Nurses leaving, funds dwindling

The Philippines is also suffering the consequences of being the world’s leading exporter of doctors and nurses, said Dr Jose Rene de Grano, president of the Private Hospitals Association of the Philippines.

Salaries of medical staff in the Philippines are so low that most of them find jobs overseas after a few years of working in local hospitals.

From January to October last year, even as the pandemic took hold, some 10,000 Filipino nurses left the country to work abroad, according to government data.

At home, government hospitals offer relatively higher salaries than private ones, so nurses at private hospitals tend to quit as soon as they find jobs at public institutions.

Without the medical staff, hospitals are unable to make more beds available for coronavirus patients even if they wanted to.

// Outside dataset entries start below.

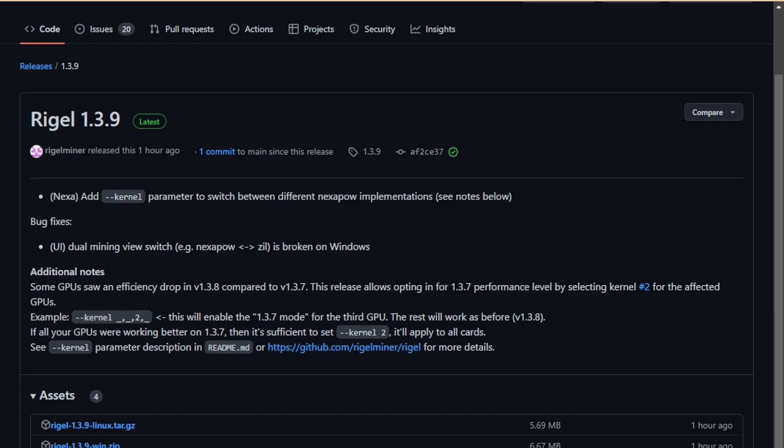So here we have 1.3.9. The biggest changes are they added a kernel parameter which will enable the 1.3.7 efficiency modes, and they show you how you can do it. Let me show you what my findings are. First, let me show you what my test bench looked like at 1.3.7.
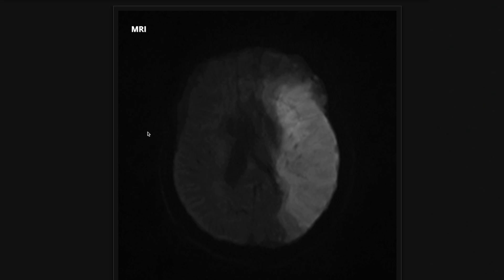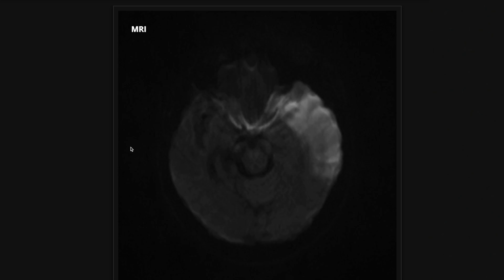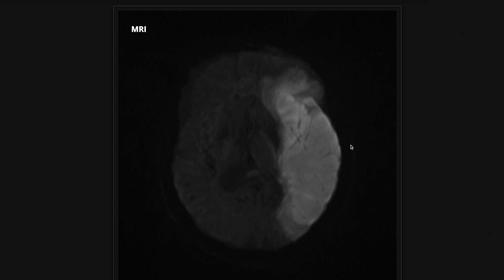Now I'm on a case where there actually is a stroke. This is a diffusion sequence, and as you can see there is hyperintensity throughout the left cerebral hemisphere. This is a left middle cerebral artery territory infarct. This is what a stroke looks like on DWI — you're looking for something bright, in a vascular distribution. This is the middle cerebral artery distribution.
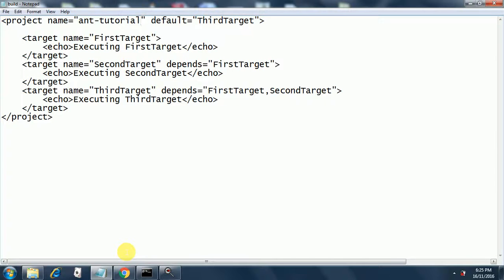Welcome back to the second session of the Ant tutorial. In the first session we saw how to download and extract the zip folder to a particular folder, and then we configured paths in the environment variables. We set two environment variables: ANT_HOME and JAVA_HOME.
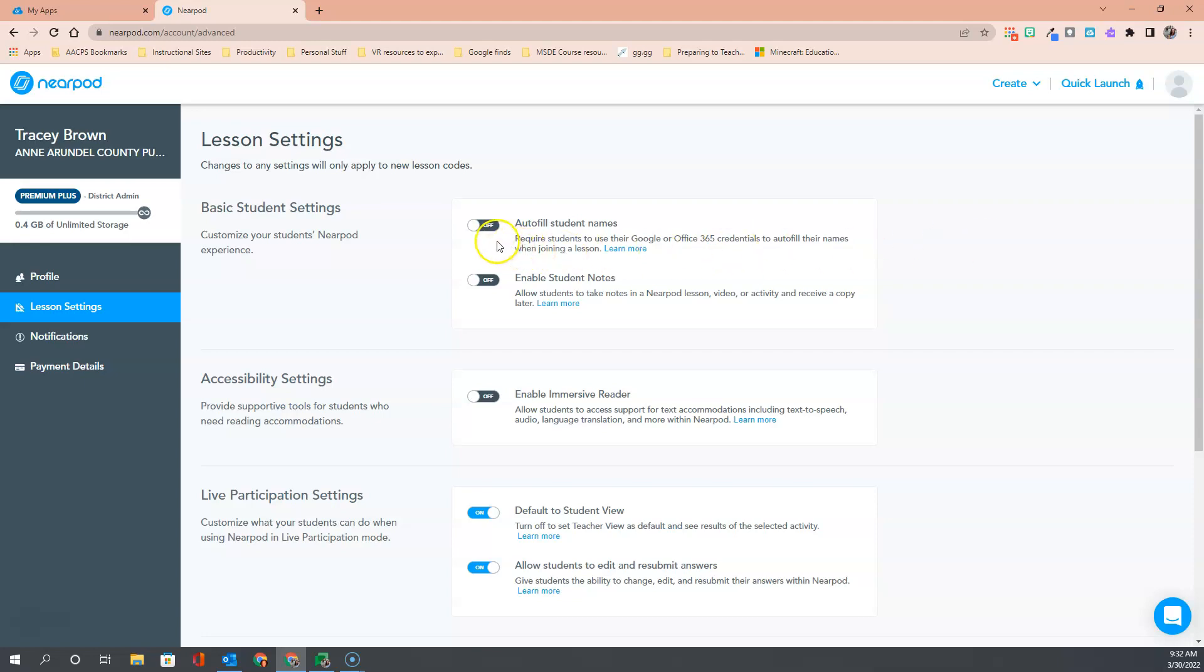The option at the very top is to auto-fill student names. If you have ever been frustrated by students putting in a name of their choosing that is either not their real name or possibly even an inappropriate name, turning on auto-fill student names will prevent this. It requires students to sign in with their AACPS Google account, ensuring that you know who everyone participating in your lesson is. This is one of the settings that we highly recommend everyone turn on as it is off by default.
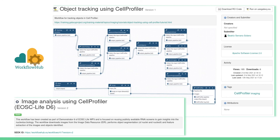The workflow is public and available for everyone in the workflow hub, together with another one we recently developed on object tracking using CellProfiler 2. Those workflows can be run directly on eosgalaxy.eu through the button you see on the top right side of the screenshot.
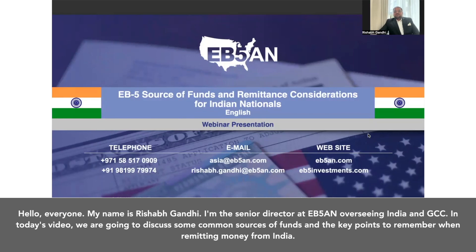Hello everyone, my name is Rishabh Gandhi. I am the Senior Director at EB5AN overseeing India and GCC. In today's video, we are going to discuss some common sources of funds and the key points to remember when remitting money from India.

Meanwhile, the pandemic has discouraged people from going to hospitals unless they absolutely have to, causing revenues to plunge.

Worse, de Grano says the government’s health insurance agency, called PhilHealth, owes private hospitals billions of pesos in reimbursements of COVID-19 patients’ hospital bill claims from the past year.

The country’s public health system depends largely on PhilHealth covering a fraction of Filipinos’ hospital bills. The extremely poor and the elderly get automatic coverage, while the rest pay a small premium for membership of the system. PhilHealth works by guaranteeing hospitals it will reimburse the costs of members’ medical treatments, albeit often at a much later date.

PhilHealth is in arrears to the roughly 700 hospitals in de Grano’s group for an estimated 6.6 billion pesos ($140m) in coronavirus-related claims, the doctor said.

“These are reimbursements. These aren’t debts. We’ve already spent that money for patients who are [PhilHealth] members, but they refuse to pay us,” de Grano told Al Jazeera.

PhilHealth has been the subject of a government investigation for corruption, after 15 billion pesos ($310m) was allegedly embezzled from the agency. It has denied rumours of bankruptcy.

PhilHealth declined to comment to Al Jazeera on the situation.

According to local media reports, PhilHealth said it postponed the payments because it found a number of hospitals’ claims to be fraudulent.

In any case, de Grano says many private hospitals will be forced to further downsize or close down if PhilHealth does not pay them back soon.

Sent off with a prayer

To cope with the still-rising number of COVID-19 patients needing hospitalisation, in late March the government hired more agents for its hospital command centre, to take calls from patients and direct them to vacancies.

But unable to provide aid beyond 1,000 pesos ($20) for poor individuals, the government has slightly eased lockdown rules in the capital region to allow people to get back to work.

Local scientists like Leachon worry that will leave the country in COVID-19 limbo, especially given the slow rollout of vaccines. Only 1 percent of the 110 million population have received at least one dose so far, and the stock is dwindling fast. The remaining doses needed are only expected to trickle in throughout the year.

Pineda, the young doctor, says he understands the desperation of patients and their families.

Although he tries to explain why he has to send them away, often they are convinced only when he takes them over to the emergency ward and shows them the grim reality of the situation through the small window in the door.

And then they continue their desperate search for a hospital bed and life-saving treatment.

“At those times, my only prayer is that they find an institution that can take them in, that they find a hospital or clinic with a bed, medicines, and a doctor or nurse who can attend to them,” Pineda said.

“And that hopefully they won’t die at home or on the road.”